»»

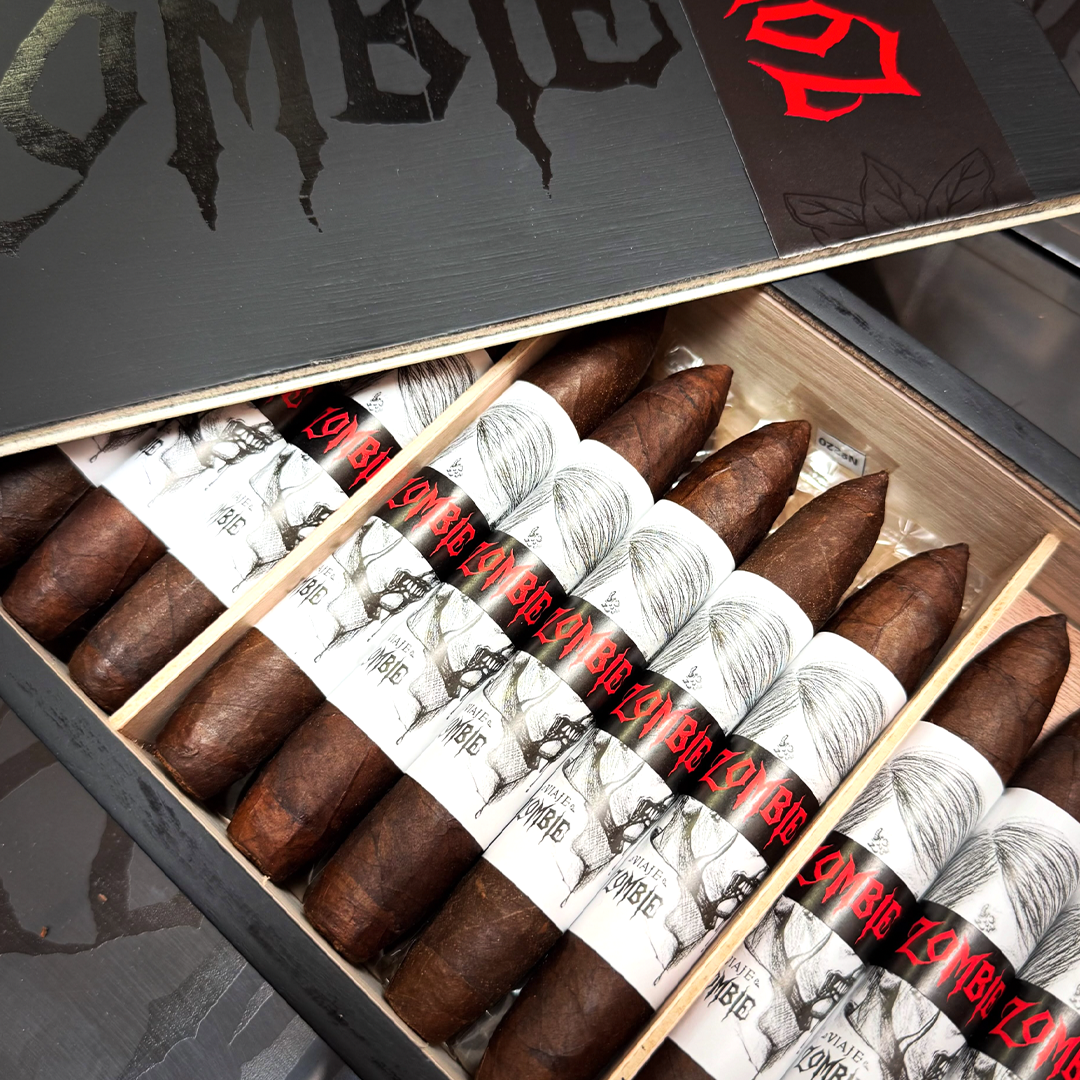 Viaje Zombie Alt Art Red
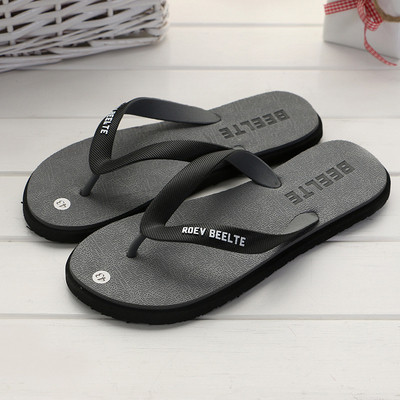 Papuci casual barbatesti potriviti pentru plaja in trei culori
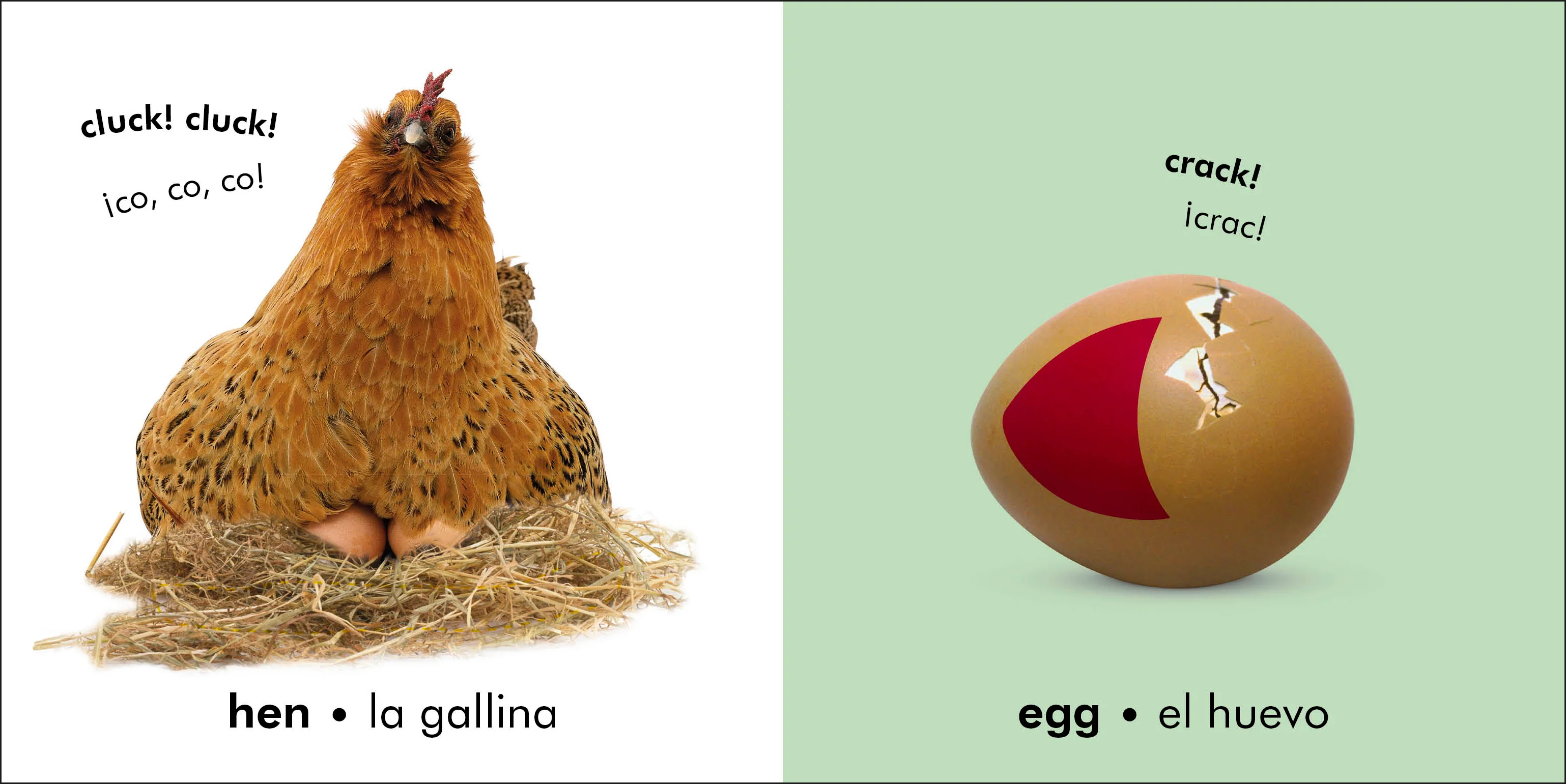 Bilingual Baby Touch and Feel: Farm - La granja - Image 7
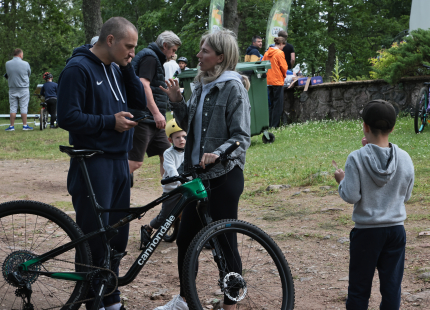 Vivus.lv MTB maratons 3.posms Opekalns112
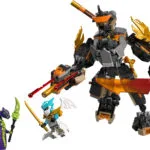 LEGO Ninjago Cole's Mission Mech & Dragon Zane για 7+ Ετών 364τμχ 71854
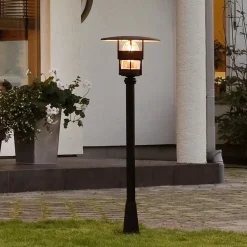 Mastlamp Freja, zwart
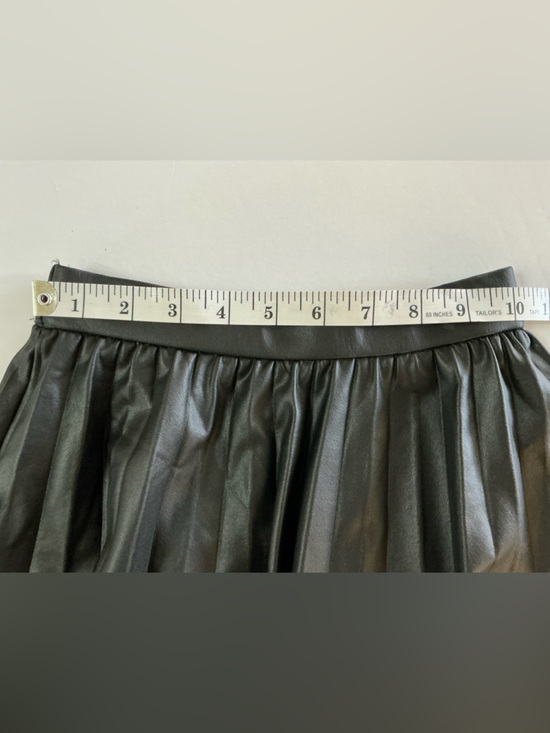 ZARA - Faux Leather Mini Skirt - Picture 8 of 10
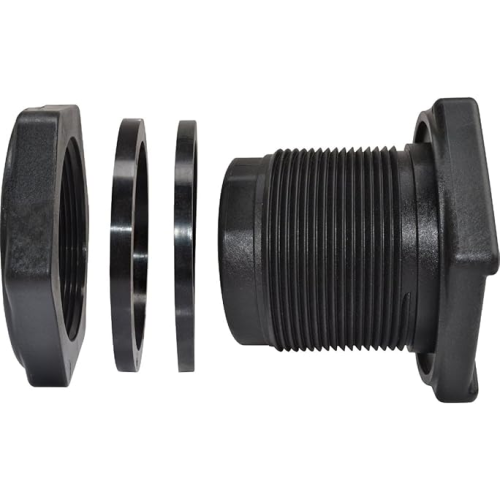 Poly Tank Flange Adapter 1 1/4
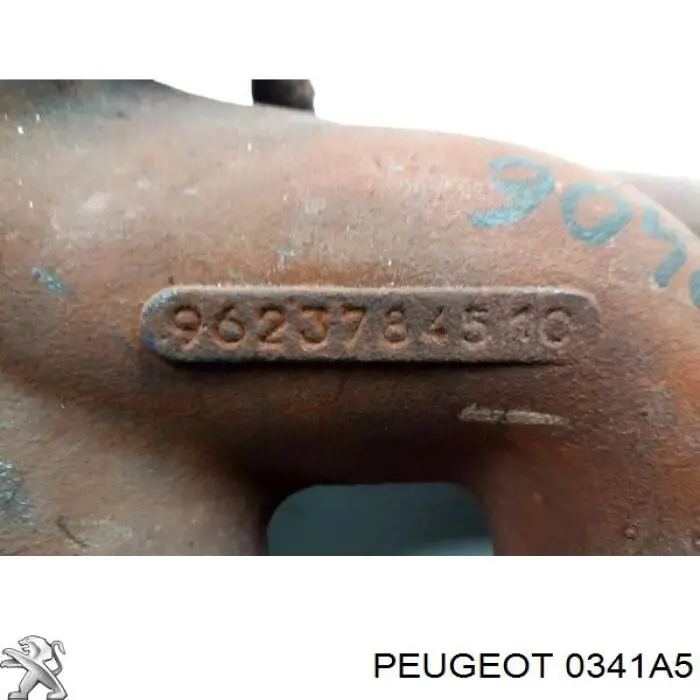 Tubo coletor de escape Peugeot/Citroen 0341A5 preço, a partir de 152,25 USD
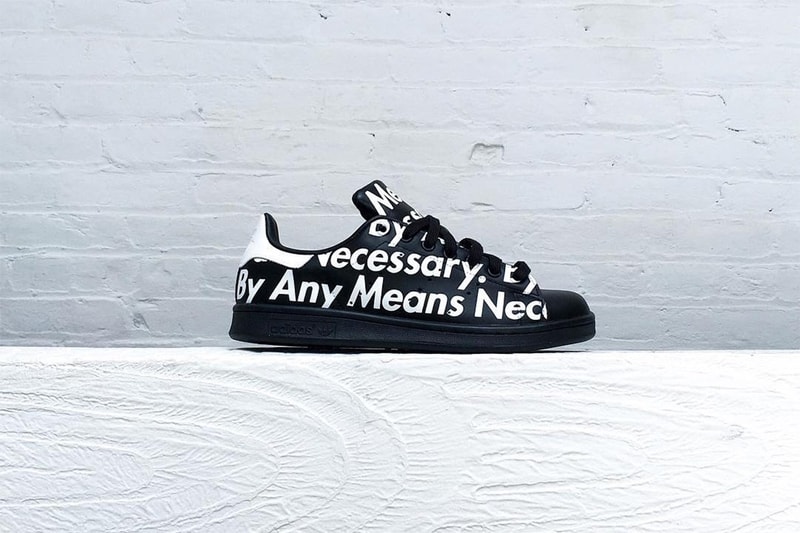 Sydney Kay Customs 打造 adidas Stan Smith「Supreme」客製版本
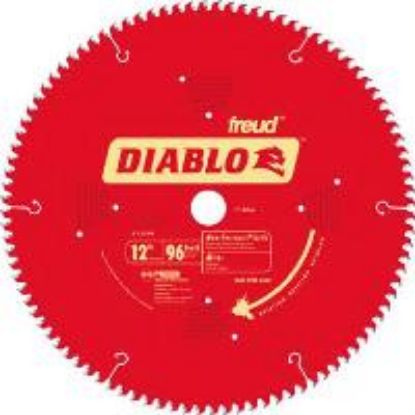 Picture of Circular-Sawblade Carbide Tooth 12" X 0.091" 96 Teeth 1" Arbor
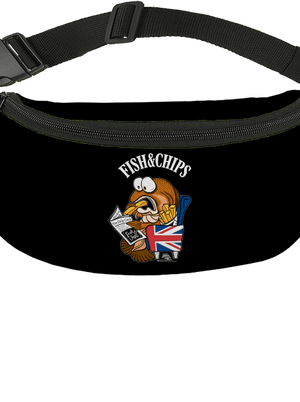 Fish and chips ľadvinka Black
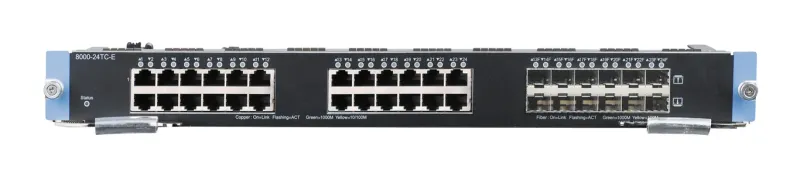 D-Link 12 10/100/1000Base-T ports and 12 combo ports (10/.. 8000-24TC-E product image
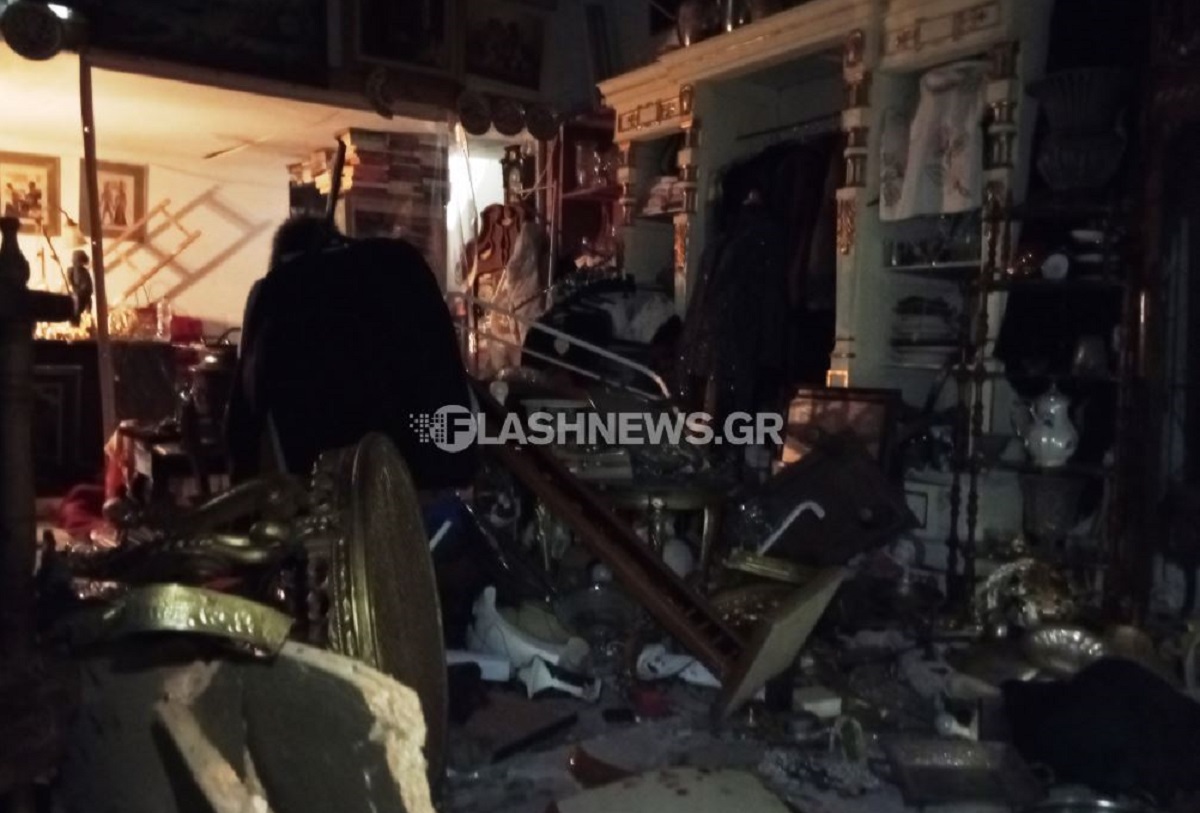 Χανιά: Ληστές έκαναν το μαγαζί γυαλιά – καρφιά και τραυμάτισαν τον φίλο του ιδιοκτήτη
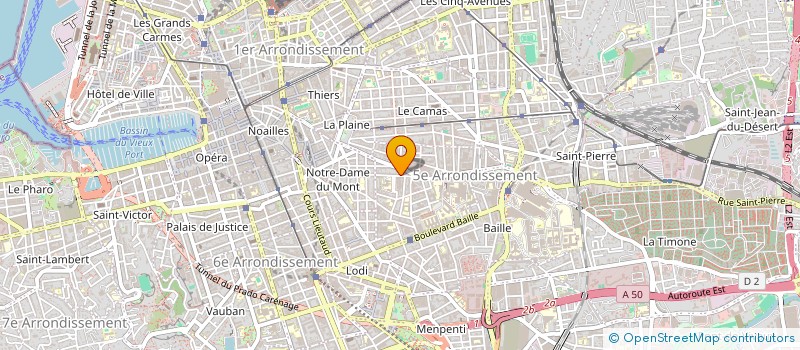 localisation de l'entreprise POURQUOI POURQUOI à MARSEILLE
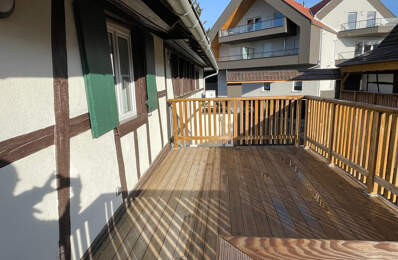 TRUCHTERSHEIM - TRIPLEX 109 m2 - 3 chambres. — photo du bien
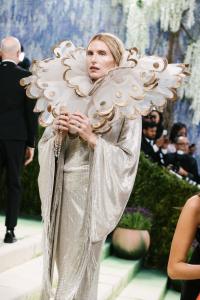 Dree Hemingway at The 2026 Met Gala Celebrating "Costume Art" held at The Metropolitan Museum of Art on May 04, 2026 in New York, New York.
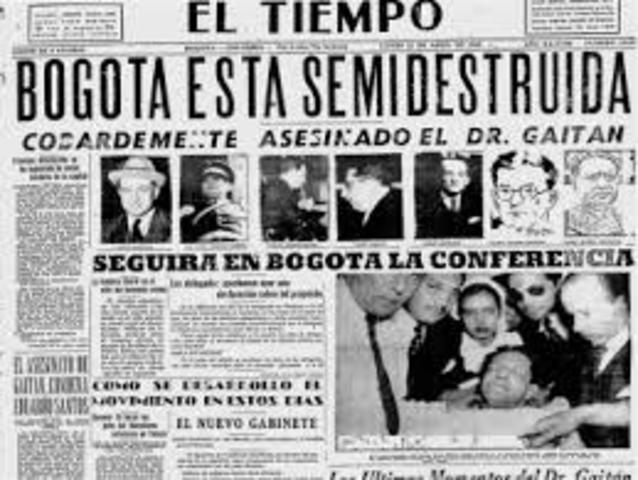 Estalla la Violencia.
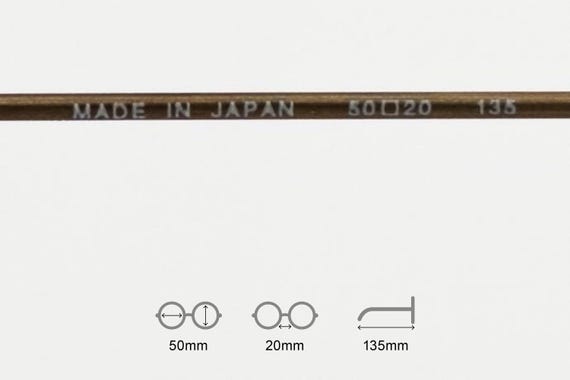 HOYA ピンフィール ヴィンテージ眼鏡、チタン、日本製リムレス光学
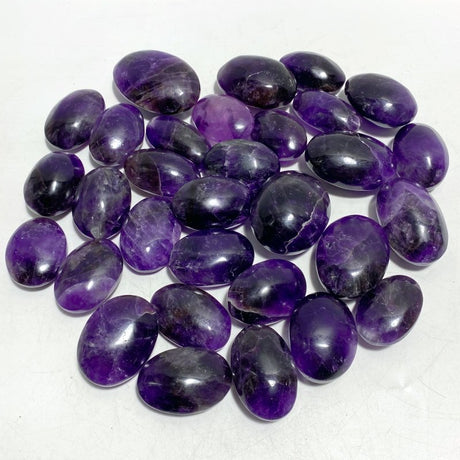 31 Pieces Amethyst Crystal Palm - Wholesale Crystals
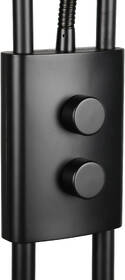 Stojací lampa TRIO CHRIS, LED černá

 obrázek produktu 3 z 6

««

AIM OF THE TASK: Output all the data, exactly, without images.

RESPONSE TO THE EXERCISE:
 Viaje Zombie Alt Art Red
 Papuci casual barbatesti potriviti pentru plaja in trei culori
 Bilingual Baby Touch and Feel: Farm - La granja - Image 7
 Vivus.lv MTB maratons 3.posms Opekalns112
 LEGO Ninjago Cole's Mission Mech & Dragon Zane για 7+ Ετών 364τμχ 71854
 Mastlamp Freja, zwart
 ZARA - Faux Leather Mini Skirt - Picture 8 of 10
 Poly Tank Flange Adapter 1 1/4
 Tubo coletor de escape Peugeot/Citroen 0341A5 preço, a partir de 152,25 USD
 Sydney Kay Customs 打造 adidas Stan Smith「Supreme」客製版本
 Picture of Circular-Sawblade Carbide Tooth 12" X 0.091" 96 Teeth 1" Arbor
 Fish and chips ľadvinka Black
 D-Link 12 10/100/1000Base-T ports and 12 combo ports (10/.. 8000-24TC-E product image
 Χανιά: Ληστές έκαναν το μαγαζί γυαλιά – καρφιά και τραυμάτισαν τον φίλο του ιδιοκτήτη
 localisation de l'entreprise POURQUOI POURQUOI à MARSEILLE
 TRUCHTERSHEIM - TRIPLEX 109 m2 - 3 chambres. — photo du bien
 Dree Hemingway at The 2026 Met Gala Celebrating "Costume Art" held at The Metropolitan Museum of Art on May 04, 2026 in New York, New York.
 Estalla la Violencia.
 HOYA ピンフィール ヴィンテージ眼鏡、チタン、日本製リムレス光学
 31 Pieces Amethyst Crystal Palm - Wholesale Crystals
 Stojací lampa TRIO CHRIS, LED černá

 obrázek produktu 3 z 6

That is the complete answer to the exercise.